The Charleston Land Reuse Agency will be responsible for identifying available properties and acquiring such lots. The city’s code on vacant structures was updated as were fee and fines for dilapidated properties.
Beginning Sept. 1, owners of properties will have to submit a plan of maintenance and repair to the city. There will also be a $250 fee for a vacant structure on a registered vacant property, a $500 fee for an abandoned building on the registry, and a $1,000 fee for any property that has been registered for 12 consecutive months.
A $10 fee will be issued every day after the 12 months.
“This administration has been in place for about seven months. There’s a lot of work still to be done,” Goodwin said. “What was passed tonight were three really good bills that are going to take us in the right direction.”
City attorney Kevin Baker said the Goodwin administration began working on the bill shortly after Goodwin took office in January; he described the drafting process, which included meeting with local officials and community groups.
“I think I had a first draft of the bill around May 1,” he said.
Baker also talked to leaders of Huntington and Morgantown, which have similar agencies. Baker said Huntington officials warned of doing too many projects at one time, which can be overbearing.

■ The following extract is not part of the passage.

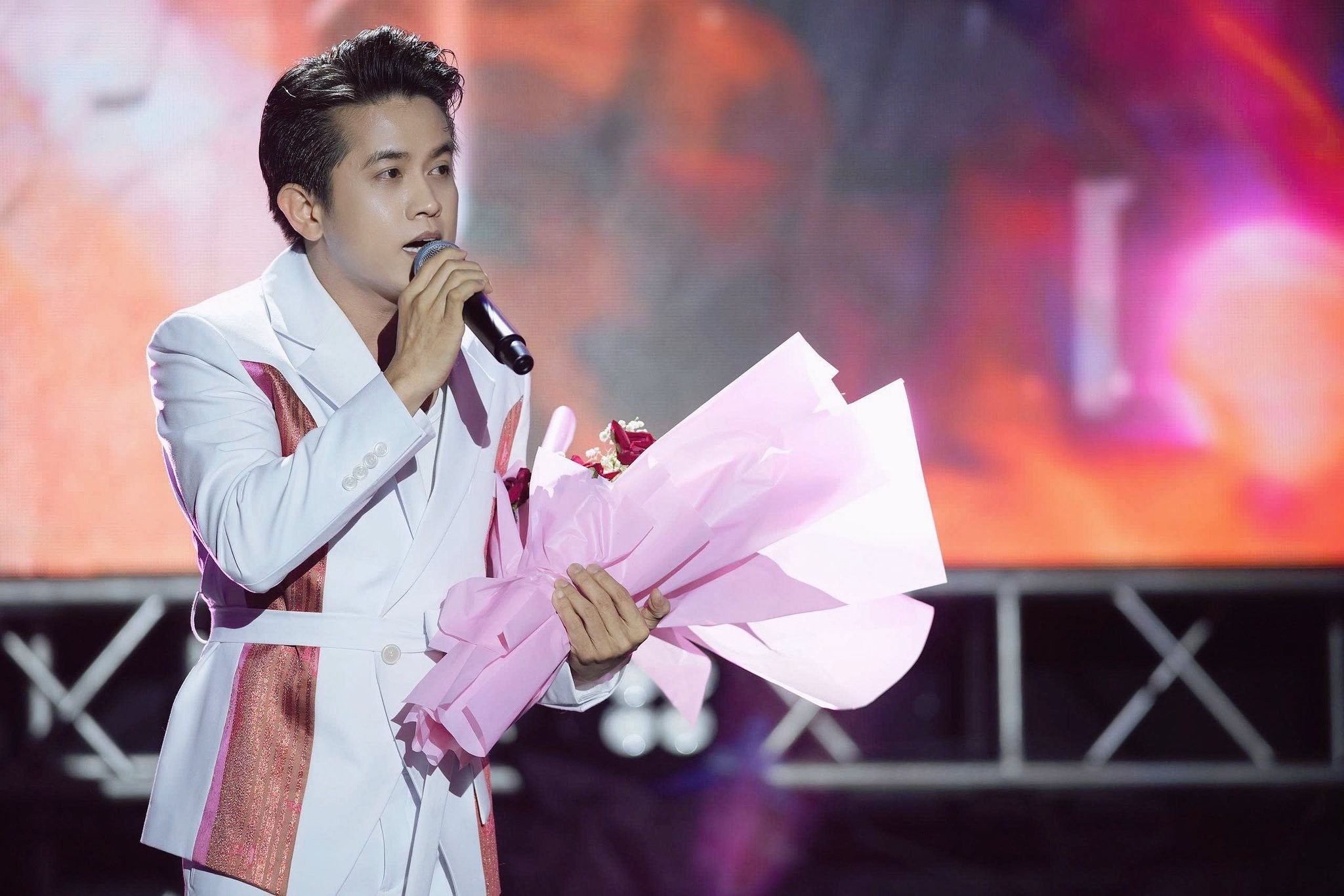 Trung Quang, Hoàng Thuỷ và Mai Trần Lâm thực hiện minishow "Chờ Đông", trích doanh thu hỗ trợ đồng bào bão lũ - 2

“They went in and got a whole lot of property with their land reuse agency right away, and have had a hard time trying to figure out how to get it back out into development,” he added. “The hope is to be really careful and focused on what area we want to tackle first.”
Goodwin said people frequently approach the city about problems with vacant properties; Goodwin addressed concerns about such structures during a community forum last month at the North Charleston Community Center.

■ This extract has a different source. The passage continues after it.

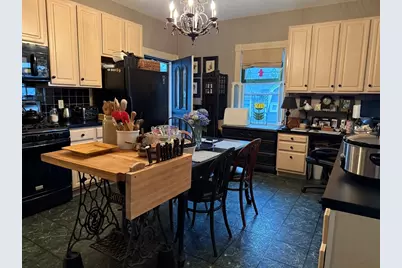 8 Hawes St, Fitchburg, MA 01420 - Photo 6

“When you have broken windows, boarded-up houses, boarded-up apartment complexes all in these neighborhoods, it decreases the value and it hurts the entire neighborhood,” she added. “Not only does it hurt the values of properties adjoining, but it also is extremely detrimental to the value of a neighborhood.”
Councilman Pat Jones, who represents north Charleston and has fielded complaints from residents, publicly thanked Goodwin for the bills.
The Charleston Land Ruse Agency will consist of the mayor, city manager, city attorney, two members of the city council and two Charleston residents to be appointed by Goodwin. Baker said the agency will have to first look at the city’s acquired properties and determine what projects the city needs.